:: AIM OF THE TASK ::
Somewhere below is a line with "Olinda Kitchen Cart" and, later, a line with "ehka sopo（エヘカソ"; repeat those two lines and all the lines between them, exactly as they are.

:: MATERIAL TO PROCESS ::

──────────────────────────────

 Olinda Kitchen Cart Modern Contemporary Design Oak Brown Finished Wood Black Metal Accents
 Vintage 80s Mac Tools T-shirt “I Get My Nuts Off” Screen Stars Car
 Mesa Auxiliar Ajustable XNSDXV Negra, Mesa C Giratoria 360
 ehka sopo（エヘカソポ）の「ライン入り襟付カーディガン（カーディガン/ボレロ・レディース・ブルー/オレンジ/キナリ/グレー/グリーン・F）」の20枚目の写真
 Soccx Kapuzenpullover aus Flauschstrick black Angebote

──────────────────────────────

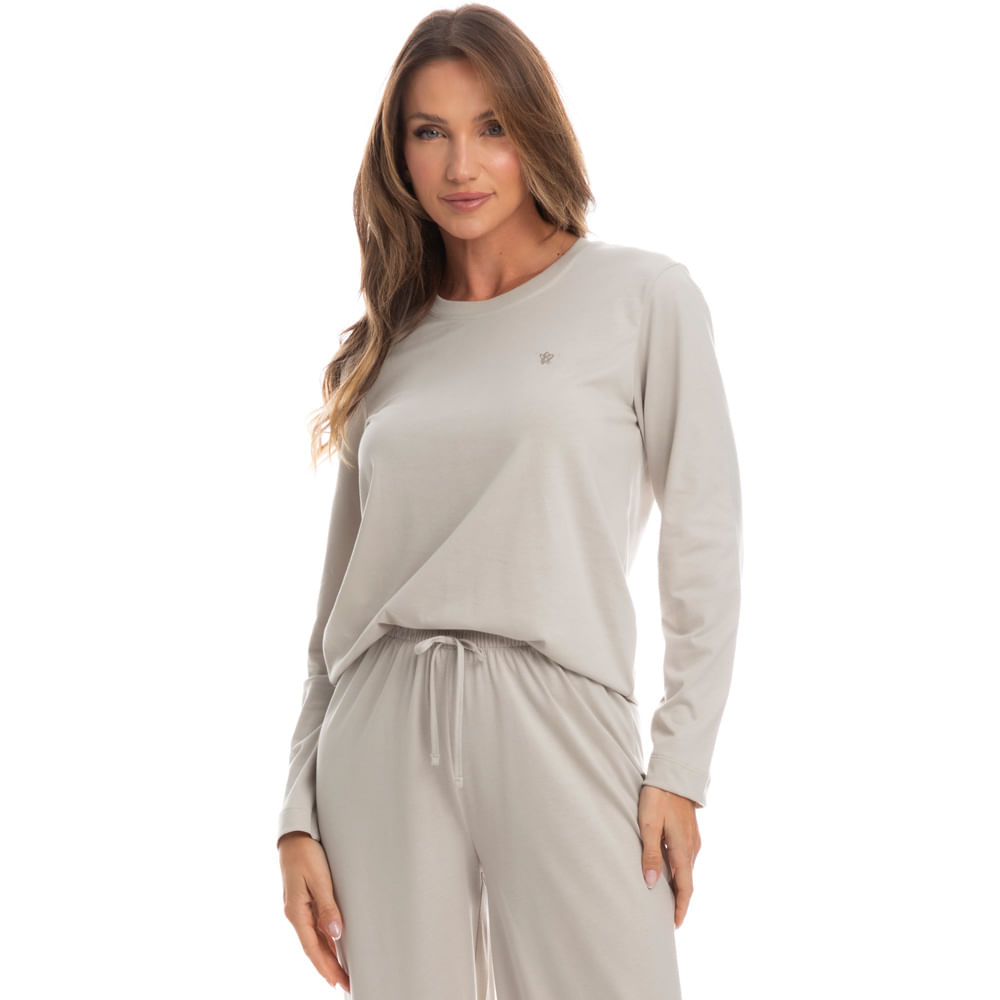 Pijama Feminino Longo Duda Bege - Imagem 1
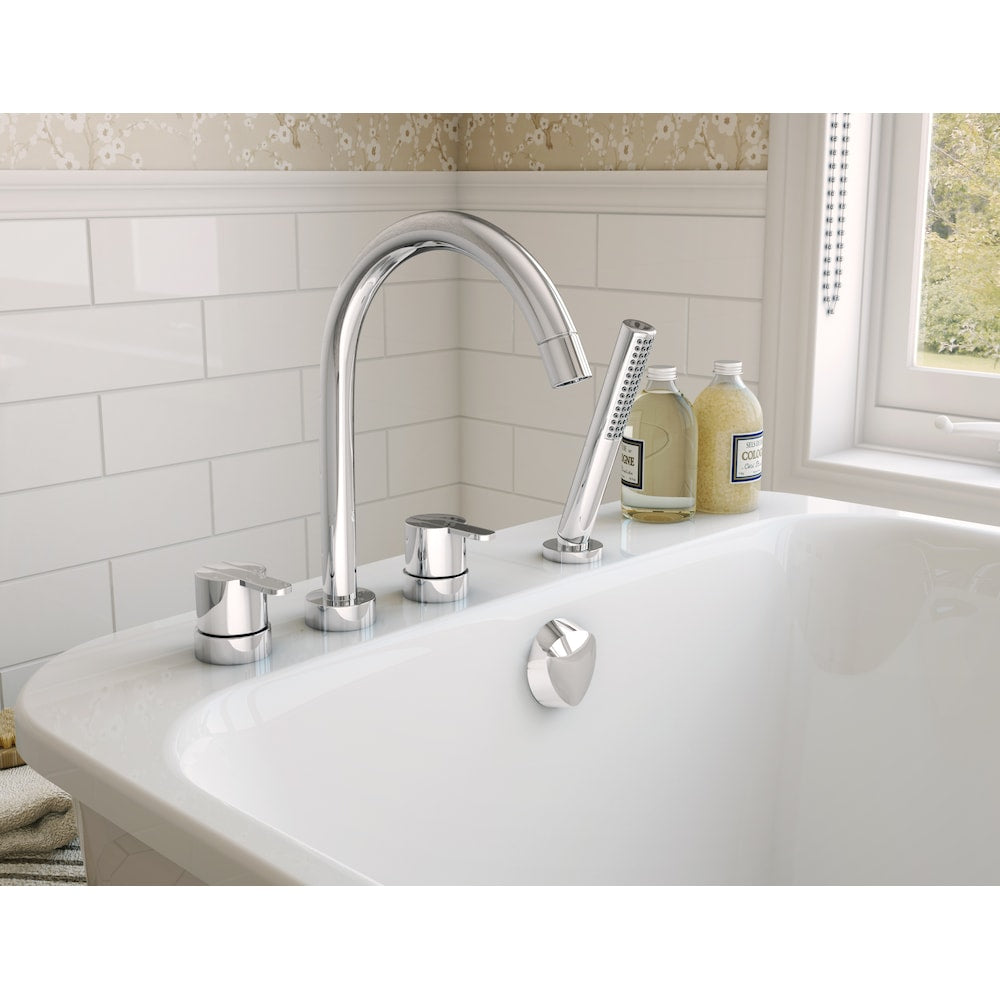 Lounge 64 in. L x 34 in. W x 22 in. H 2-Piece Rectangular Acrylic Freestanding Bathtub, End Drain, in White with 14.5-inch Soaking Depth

──────────────────────────────

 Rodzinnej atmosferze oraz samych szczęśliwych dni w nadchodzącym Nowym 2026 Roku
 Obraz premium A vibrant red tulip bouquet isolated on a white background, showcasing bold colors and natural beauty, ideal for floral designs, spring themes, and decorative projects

──────────────────────────────

:: RESPONSE AREA ::
 Olinda Kitchen Cart Modern Contemporary Design Oak Brown Finished Wood Black Metal Accents
 Vintage 80s Mac Tools T-shirt “I Get My Nuts Off” Screen Stars Car
 Mesa Auxiliar Ajustable XNSDXV Negra, Mesa C Giratoria 360
 ehka sopo（エヘカソポ）の「ライン入り襟付カーディガン（カーディガン/ボレロ・レディース・ブルー/オレンジ/キナリ/グレー/グリーン・F）」の20枚目の写真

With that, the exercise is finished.